Beginning with the line that contains "Hello and welcome to this Hewlett" and ending with the line that contains "You can see the", reproduce the lines of the entries below exactly, omitting pictures.

*RECORDS TO PROCESS*:
● ● ● ● ●

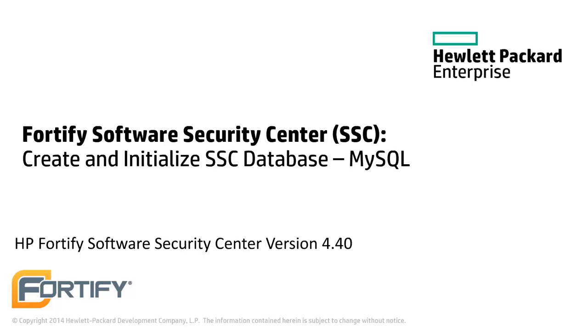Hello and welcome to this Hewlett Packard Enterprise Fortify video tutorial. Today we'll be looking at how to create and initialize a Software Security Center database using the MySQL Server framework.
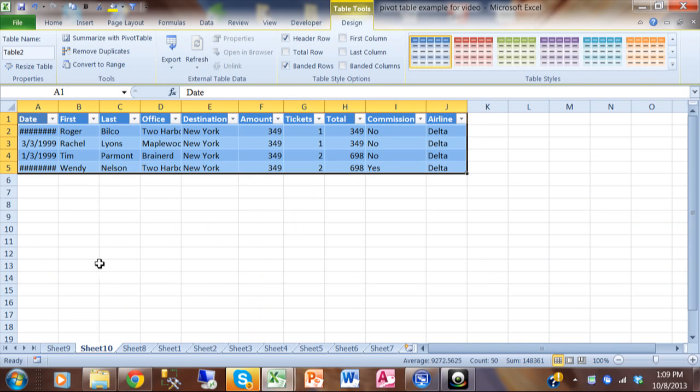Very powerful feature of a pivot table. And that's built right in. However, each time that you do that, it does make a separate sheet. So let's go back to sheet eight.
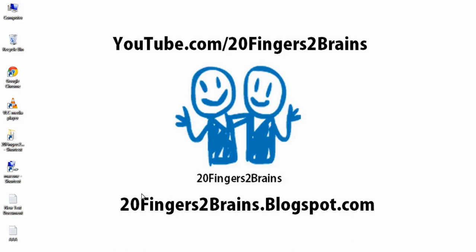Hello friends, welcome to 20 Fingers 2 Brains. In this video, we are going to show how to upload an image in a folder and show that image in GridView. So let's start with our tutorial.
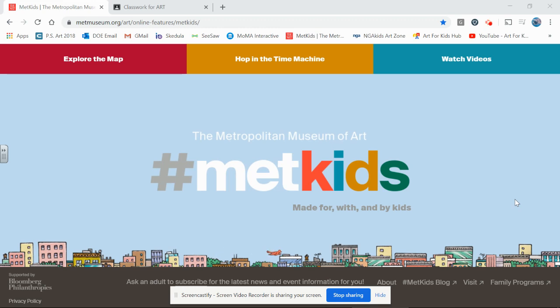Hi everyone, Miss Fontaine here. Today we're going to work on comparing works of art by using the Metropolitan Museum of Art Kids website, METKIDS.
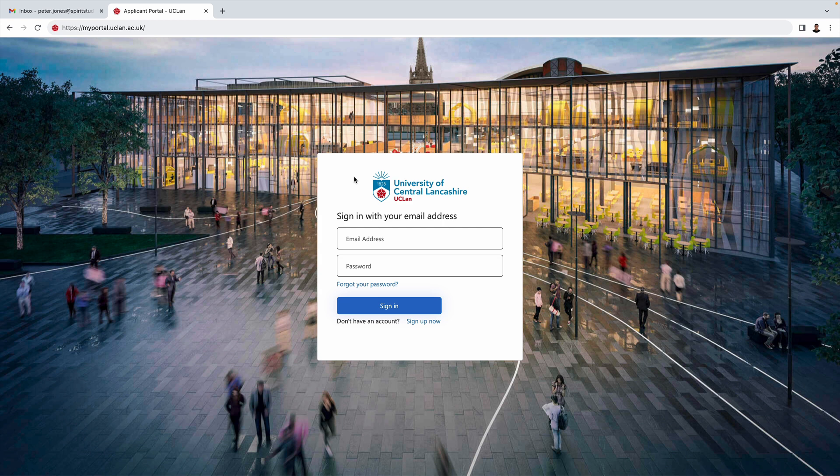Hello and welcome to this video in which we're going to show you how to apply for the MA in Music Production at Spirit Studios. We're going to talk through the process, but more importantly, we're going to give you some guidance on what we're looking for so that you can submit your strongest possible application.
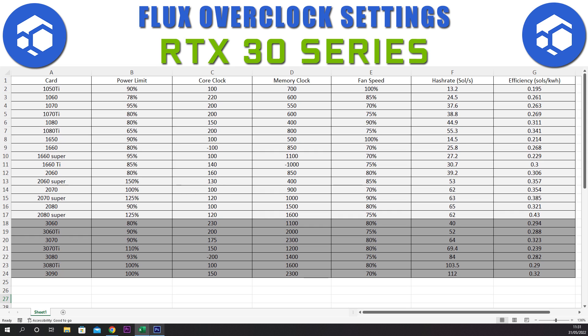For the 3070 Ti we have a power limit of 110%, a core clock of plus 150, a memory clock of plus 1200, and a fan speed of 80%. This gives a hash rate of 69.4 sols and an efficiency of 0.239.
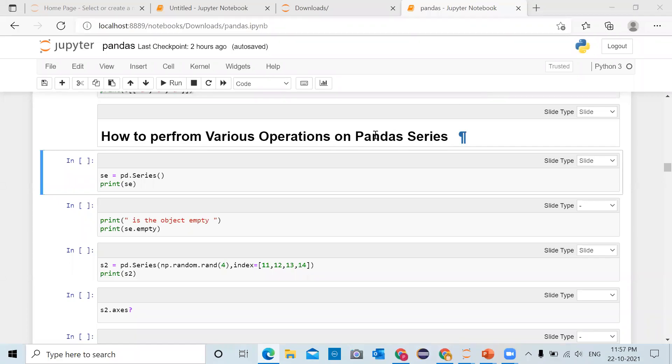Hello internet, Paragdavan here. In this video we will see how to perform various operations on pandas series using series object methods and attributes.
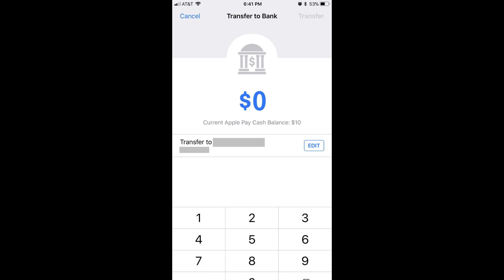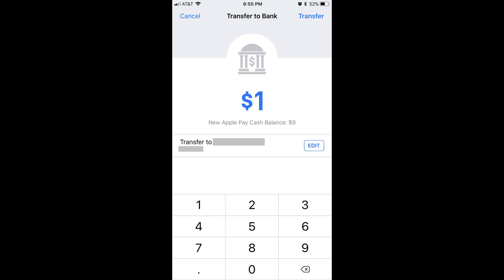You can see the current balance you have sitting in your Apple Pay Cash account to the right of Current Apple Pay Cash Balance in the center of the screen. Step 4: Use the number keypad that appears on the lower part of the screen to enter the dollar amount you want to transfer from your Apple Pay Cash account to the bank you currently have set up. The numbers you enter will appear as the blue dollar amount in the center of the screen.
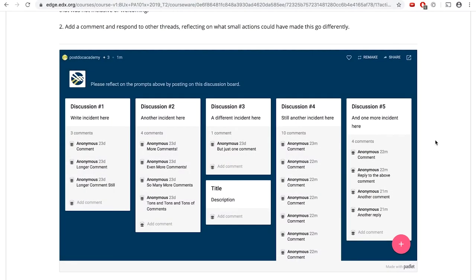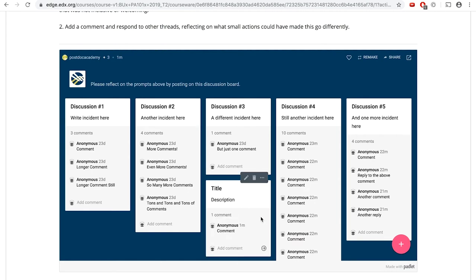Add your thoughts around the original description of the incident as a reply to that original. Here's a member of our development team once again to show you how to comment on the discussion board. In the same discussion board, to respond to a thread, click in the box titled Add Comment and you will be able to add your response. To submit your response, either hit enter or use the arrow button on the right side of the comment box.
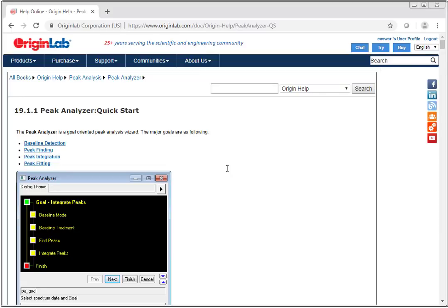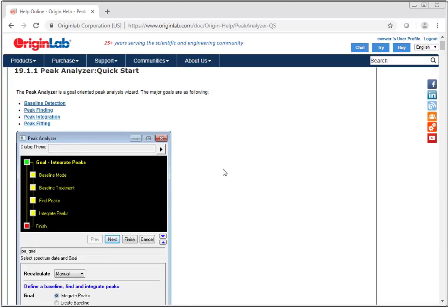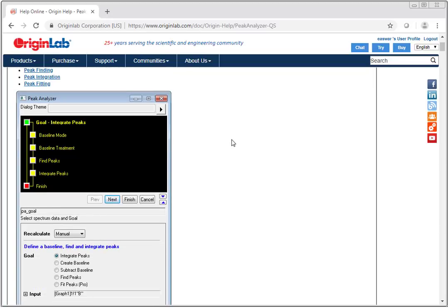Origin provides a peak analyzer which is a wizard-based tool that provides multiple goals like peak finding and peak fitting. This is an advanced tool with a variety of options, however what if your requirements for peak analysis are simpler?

● ● ● ● ●

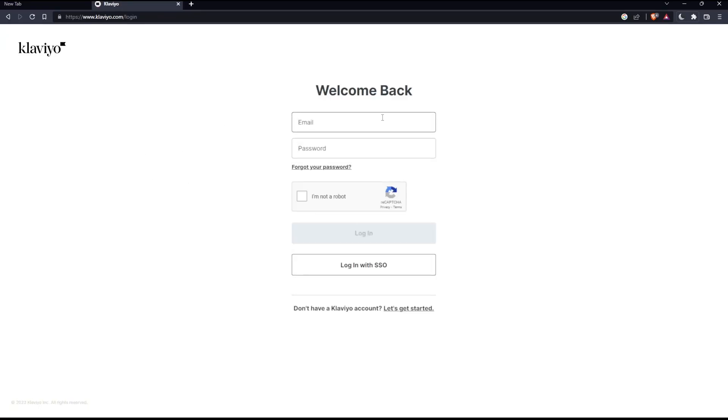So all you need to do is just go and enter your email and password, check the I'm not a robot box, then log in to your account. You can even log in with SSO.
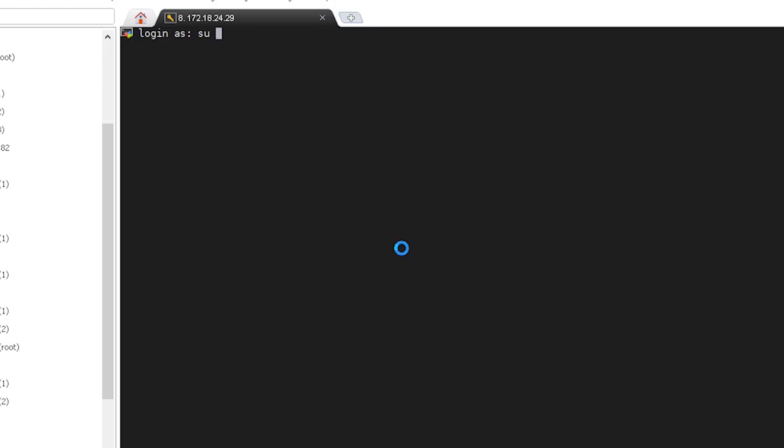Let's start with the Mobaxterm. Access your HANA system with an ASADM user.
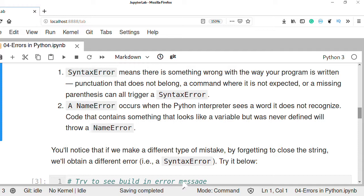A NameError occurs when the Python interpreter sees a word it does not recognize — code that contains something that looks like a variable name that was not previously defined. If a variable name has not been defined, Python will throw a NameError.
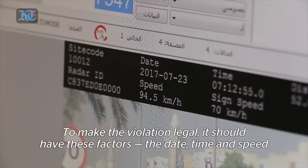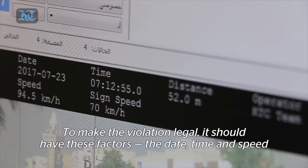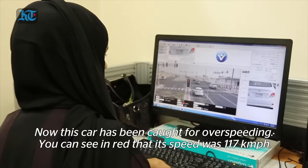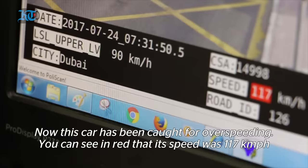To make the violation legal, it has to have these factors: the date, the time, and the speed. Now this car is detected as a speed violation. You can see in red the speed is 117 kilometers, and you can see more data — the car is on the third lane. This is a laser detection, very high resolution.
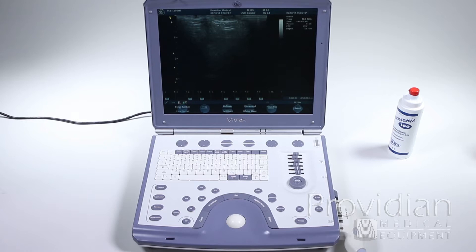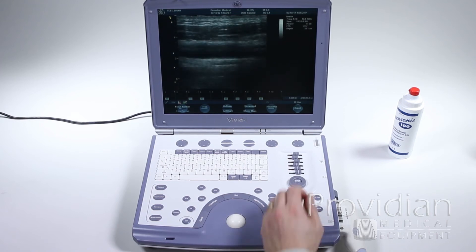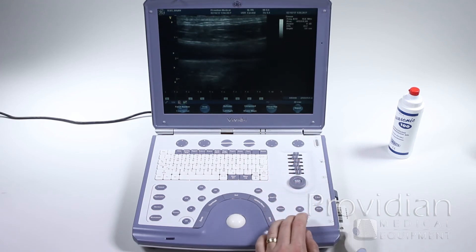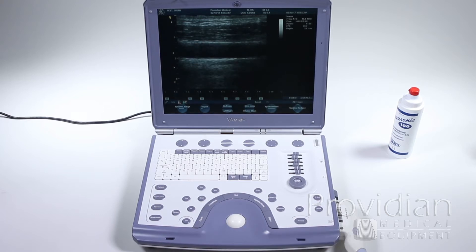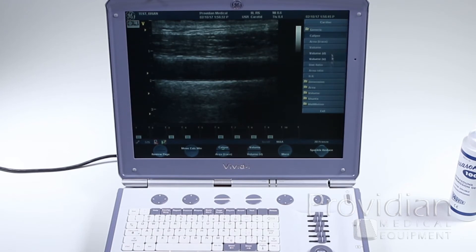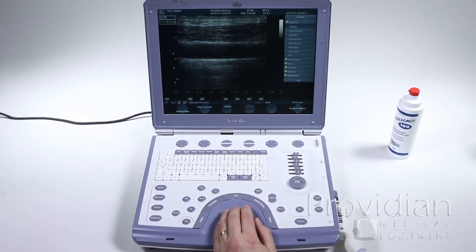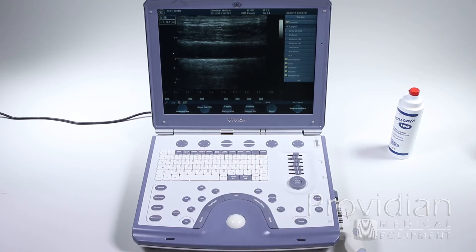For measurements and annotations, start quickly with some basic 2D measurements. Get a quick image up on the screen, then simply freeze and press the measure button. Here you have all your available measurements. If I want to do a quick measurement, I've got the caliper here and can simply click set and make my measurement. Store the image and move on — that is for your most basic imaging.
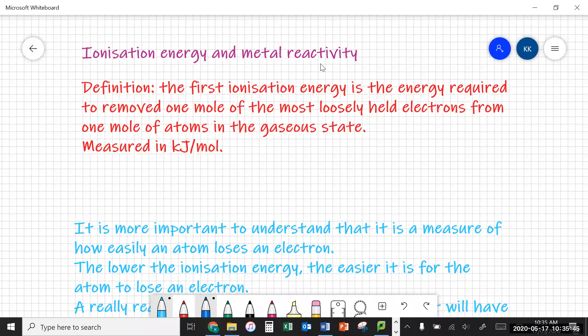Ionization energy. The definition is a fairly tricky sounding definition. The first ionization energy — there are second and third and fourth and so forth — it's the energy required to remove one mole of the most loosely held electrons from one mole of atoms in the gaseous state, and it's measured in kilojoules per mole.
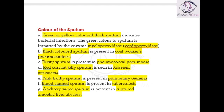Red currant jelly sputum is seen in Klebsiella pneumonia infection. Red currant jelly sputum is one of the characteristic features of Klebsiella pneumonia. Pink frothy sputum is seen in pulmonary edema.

● ● ● ● ●

*ANSWER SECTION*:
Hello and welcome to this Hewlett Packard Enterprise Fortify video tutorial. Today we'll be looking at how to create and initialize a Software Security Center database using the MySQL Server framework.
Very powerful feature of a pivot table. And that's built right in. However, each time that you do that, it does make a separate sheet. So let's go back to sheet eight.
Hello friends, welcome to 20 Fingers 2 Brains. In this video, we are going to show how to upload an image in a folder and show that image in GridView. So let's start with our tutorial.
Hi everyone, Miss Fontaine here. Today we're going to work on comparing works of art by using the Metropolitan Museum of Art Kids website, METKIDS.
Hello and welcome to this video in which we're going to show you how to apply for the MA in Music Production at Spirit Studios. We're going to talk through the process, but more importantly, we're going to give you some guidance on what we're looking for so that you can submit your strongest possible application.
For the 3070 Ti we have a power limit of 110%, a core clock of plus 150, a memory clock of plus 1200, and a fan speed of 80%. This gives a hash rate of 69.4 sols and an efficiency of 0.239.
Hello internet, Paragdavan here. In this video we will see how to perform various operations on pandas series using series object methods and attributes.
You can see the current balance you have sitting in your Apple Pay Cash account to the right of Current Apple Pay Cash Balance in the center of the screen. Step 4: Use the number keypad that appears on the lower part of the screen to enter the dollar amount you want to transfer from your Apple Pay Cash account to the bank you currently have set up. The numbers you enter will appear as the blue dollar amount in the center of the screen.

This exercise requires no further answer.